In Simmons, a split panel of the Fourth Circuit approved of the admission of an ATF tracing form under Rule 807. 773 F.2d at 1459. The firearms manufacturer completed the form at the request of an ATF agent involved in an investigation that led to trial. Id. at 1457. The panel rejected the government’s argument that the form was admissible under the business records exception, id. at 1458 & n. 4, but concluded that there was “no reason for the manufacturers of these weapons to falsify the entries on the routine ATF forms.” Id. at 1459. Consequently, although hearsay, the form fell within the residual hearsay exception. Id. at 1460. The ATF form at issue here, Form 4473, is of a different nature than the tracing form under examination in Simmons. A tracing form is completed by the gun manufacturer after a firearm has been sold and only upon request of the ATF. Form 4473, however, is similar to a sales receipt in that a gun dealer routinely fills out a Form 4473 at the time of sale and holds it as a regular business record. Under these circumstances, Simmons does not relieve us of the need to engage in a systematic Rule 807 analysis.
Here, the point of contention between the parties is the circumstantial guarantee of trustworthiness of the form.4 “In assessing the qualitative degree of trustworthiness of a particular statement, courts should inquire into the reliability of and necessity for the statement.” United States v. Carlson, 547 F.2d 1346, 1354 (8th Cir.1976) (interpreting the requirement under Rule 804(b)(5) that testimony have “circumstantial guarantees of trustworthiness”). One method of approaching this analysis is to “compare the circumstances surrounding the statement to the closest hearsay exception.” 2 Kenneth S. Brown, McCormick on Evidence § 324 (6th ed.2006); see, e.g., United States v. Fernandez, 892 F.2d 976, 981 (11th Cir.1989) (considering “those statements that are similar though not identical to hearsay clearly falling under one of the four codified exceptions, if the statements otherwise bear indicia of trustworthiness equivalent to those exceptions.”); United States v. *778Earles, 113 F.3d 796, 800 n. 3 (8th Cir.1997) (agreeing with and quoting Fernandez).
The ATF form would fall within the business records exception; however, the government did not call a witness from the pawn shop who was familiar with its record-keeping practices. Business records are admissible despite being hearsay because of their unusual reliability, which includes “systematic checking, by regularity and continuity which produce habits of precision, by actual experience of business in relying upon them, or by a duty to make an accurate record as part of a continuing job or occupation.” Fed.R.Evid. 803 advisory committee note to 1972 Proposed Rules ¶ 6. The business record itself does not establish these things. A witness is necessary to show that the statement was made at or near the time of the transaction, kept in the course of regularly conducted activity, and prepared in the regular course of business. Fed. R. Evid 803(6); See United States v. Franks, 939 F.2d 600, 602 (8th Cir.1991) (rejecting the argument that the witness must have personal knowledge of the document’s preparation). The purpose of the witness, therefore, is to lay a foundation that the record is kept in a manner suggesting its trustworthiness despite the fact that it is hearsay.
In this case, however, those record-keeping practices are mandated by law.
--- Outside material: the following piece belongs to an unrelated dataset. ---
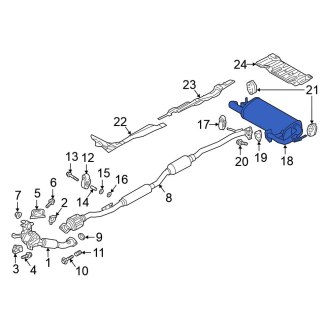 Mitsubishi Eclipse Cross OEM Exhaust Parts | Systems, Tips, Pipes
Unlike other businesses, a firearms dealer is required to record all of its sales on Form 4473. 27 C.F.R. § 478.124(a). Specific information must be collected, including the buyer’s name, sex, address, date and place of birth, height, weight, race, citizenship status, and a certification that the buyer is not a person prohibited from possessing a firearm. Id. at § 478.124(c)(1). A dealer must maintain Form 4473 in an indexed manner for no less than 20 years after the date of sale. Id. at § 478.129(a). Upon demand, a dealer must make available its records for inspection by ATF officers. 27 C.F.R. § 478.121(b). Failure to comply with these provisions may result in the dealer losing its license to sell firearms. On Target Sporting Goods, Inc. v. Attorney General, 472 F.3d 572 (8th Cir.2007).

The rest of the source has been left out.